Currently, several cell survival pathways have been reported (28, 39, 41). However, the mechanism by which cells survive extreme mechanical loading conditions has not been addressed. IL-1β, as a potential cell survival factor, has been reported to protect blast cells from apoptosis in suspension culture (38). NF-κB pathways activated by proinflammatory factors, such as tumor necrosis factor and IL-1β, also play an important role in anti-apoptosis (31, 41).
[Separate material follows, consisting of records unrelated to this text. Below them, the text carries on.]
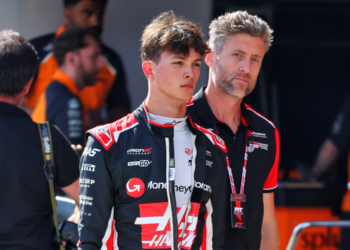 Oliver Bearman (GBR) Haas F1 Team. 17.05.2025. Formula 1 World Championship, Rd 7, Emilia Romagna Grand Prix, Imola, Italy, Qualifying Day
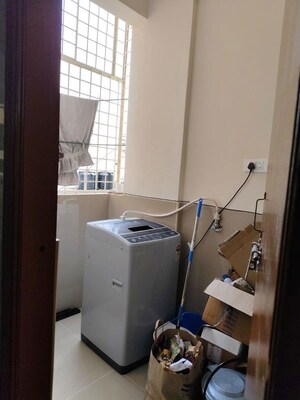 Master Bedroom in 1 BHK Apartment at Halasuru – for Rent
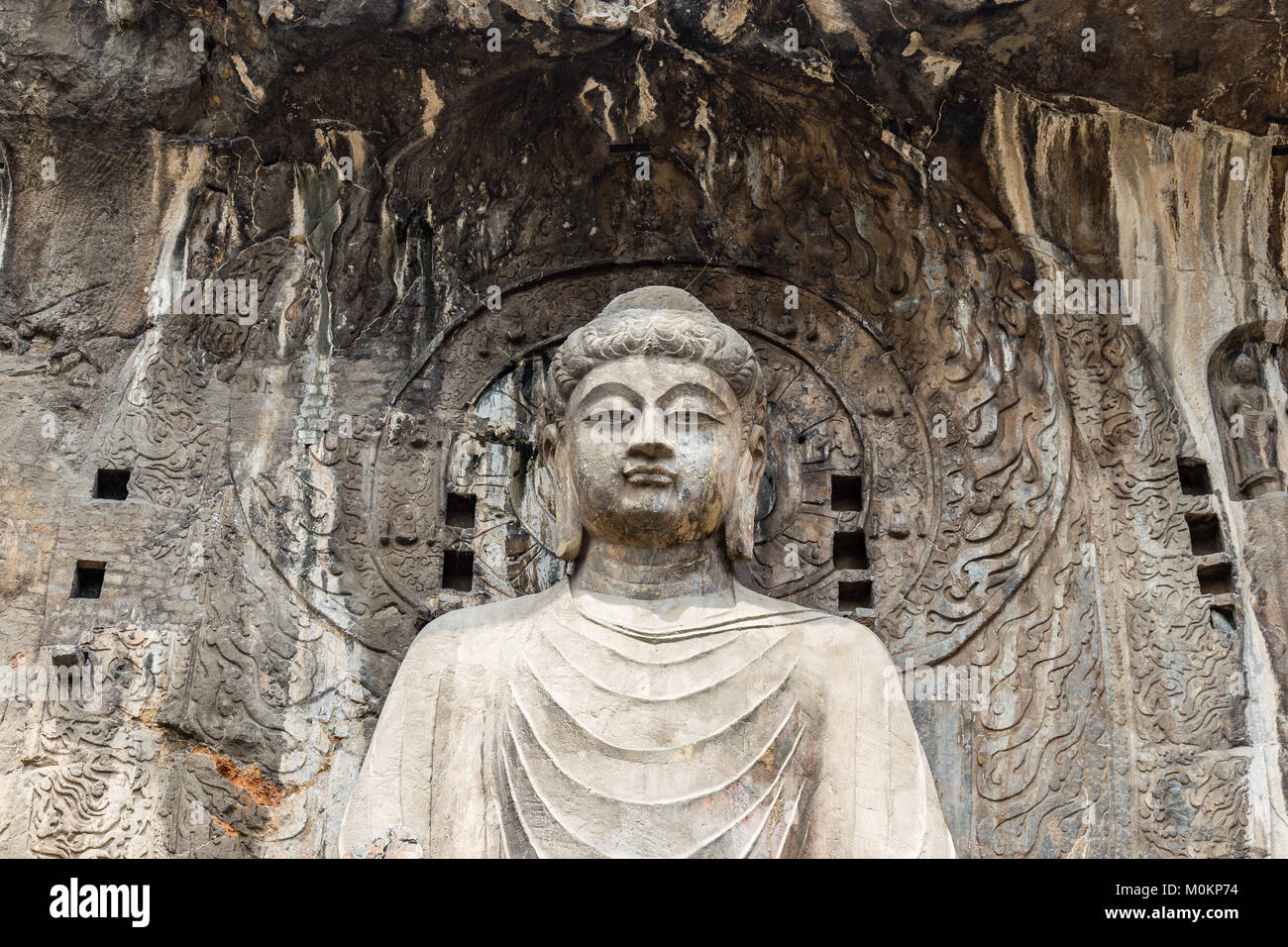Longmen buddha hi-res stock photography and images - Alamy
Therefore, we hypothesize that IL-1β may mediate cell survival under extreme mechanical conditions by activating NF-κB pathway(s), which, in turn, affect the reorganization of the cytoskeleton and reduce the Young's modulus of the cell (4, 18).
For the first time, we report that the mean Young's modulus of HTIFs is reduced by IL-1β. Modulation of the cell's elastic modulus may be useful in mechanical conditioning of tissue engineered constructs and as a treatment postsurgery to increase cell survival.
A. J. Banes is the president of Flexcell International Corporation and receives compensation as such.
This work was supported by Flexcell International Corporation, National Institutes of Health Grants (AR38121, AR50245, AG15768), and the HUNT Foundation.
The costs of publication of this article were defrayed in part by the payment of page charges. The article must therefore be hereby marked “advertisement” in accordance with 18 U.S.C. Section 1734 solely to indicate this fact.